* Source data *
BEGIN

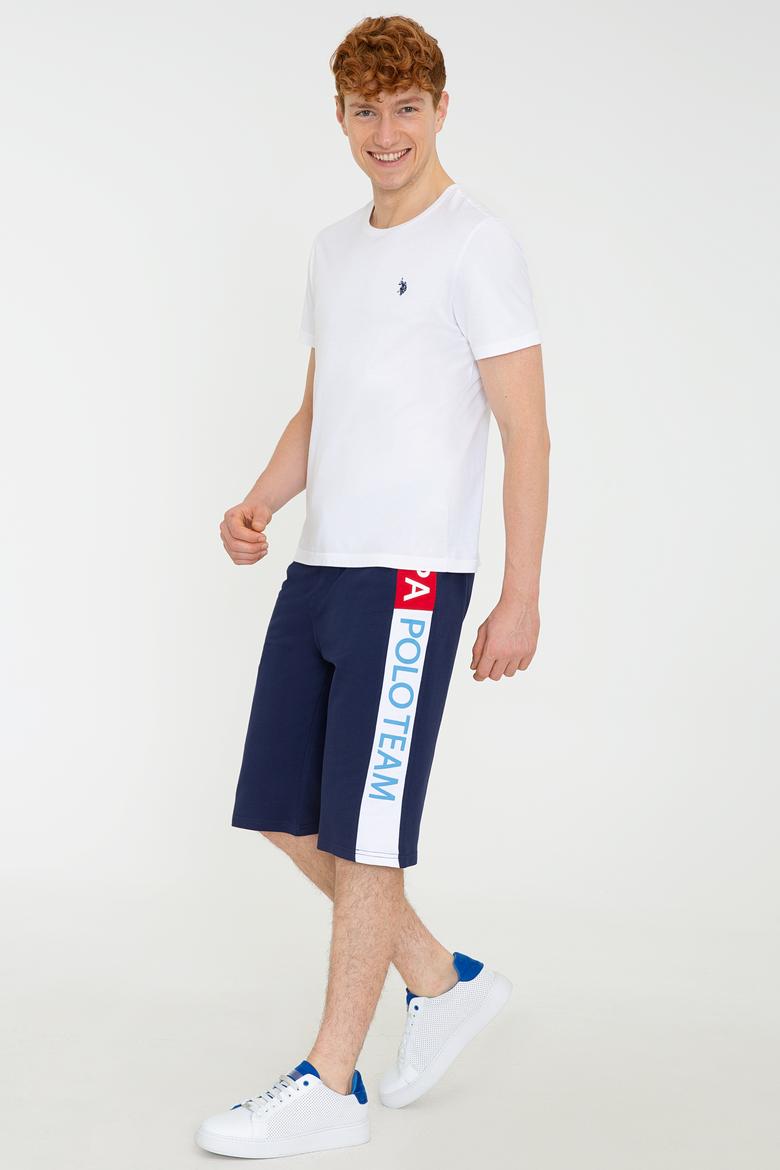 Erkek Lacivert Örme Şort - 50232521007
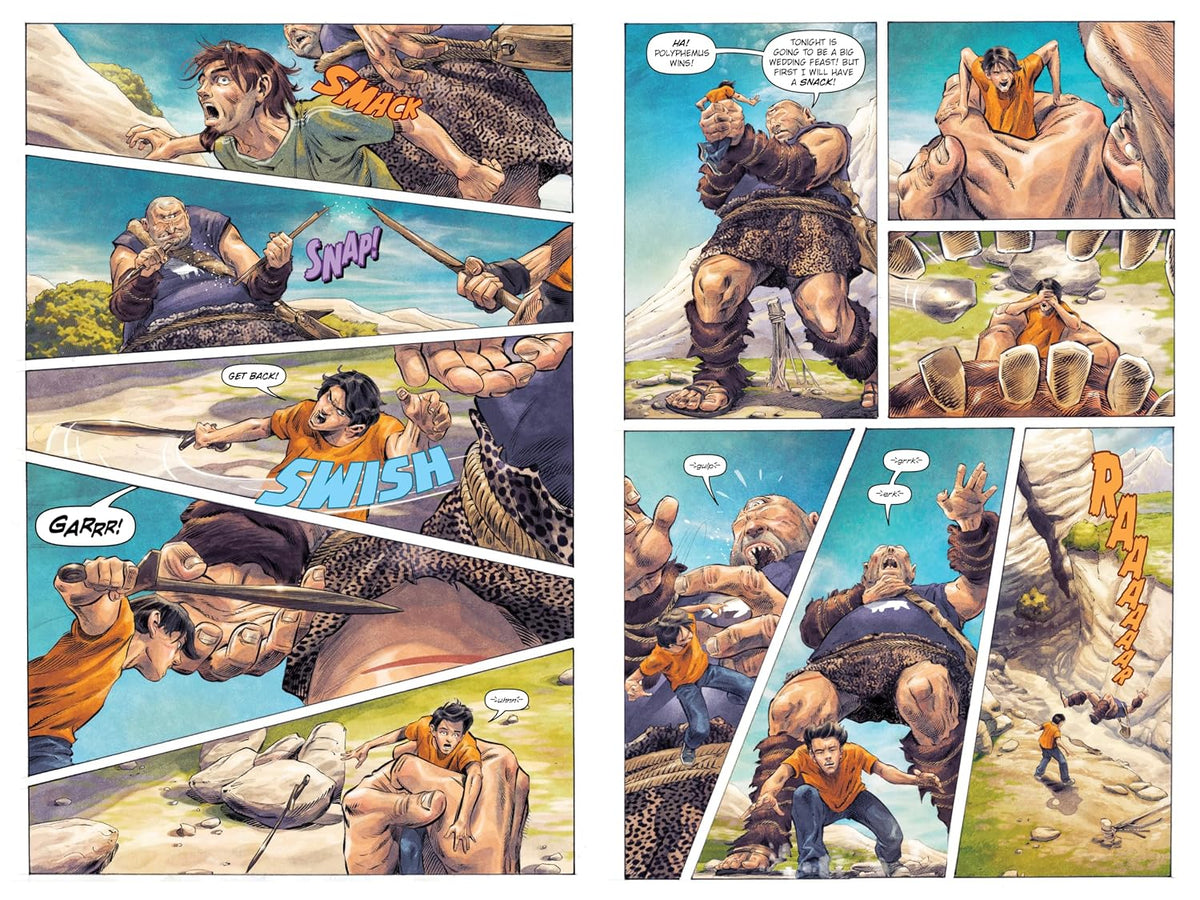 Percy Jackson and the Olympians #2: Sea of Monsters: Graphic Novel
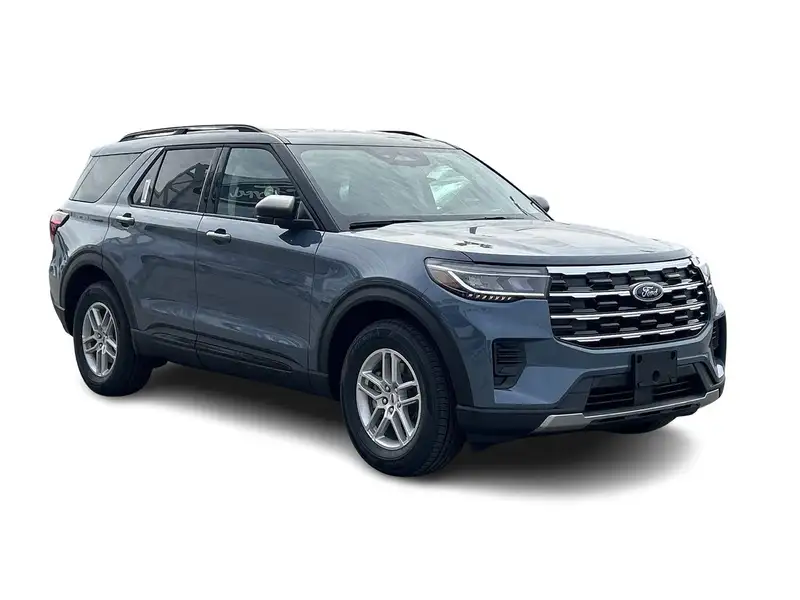 2026 Ford Explorer Active 2.3L Ecoboost Engine, modrá, 10 km, dovoz Kanada — foto 2 z 12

END

* Aim of the task *
Starting at the line that holds "Percy Jackson and", write out every remaining line of the material above exactly as it appears. Pictures should not be copied.

* Task solution *
 Percy Jackson and the Olympians #2: Sea of Monsters: Graphic Novel
 2026 Ford Explorer Active 2.3L Ecoboost Engine, modrá, 10 km, dovoz Kanada — foto 2 z 12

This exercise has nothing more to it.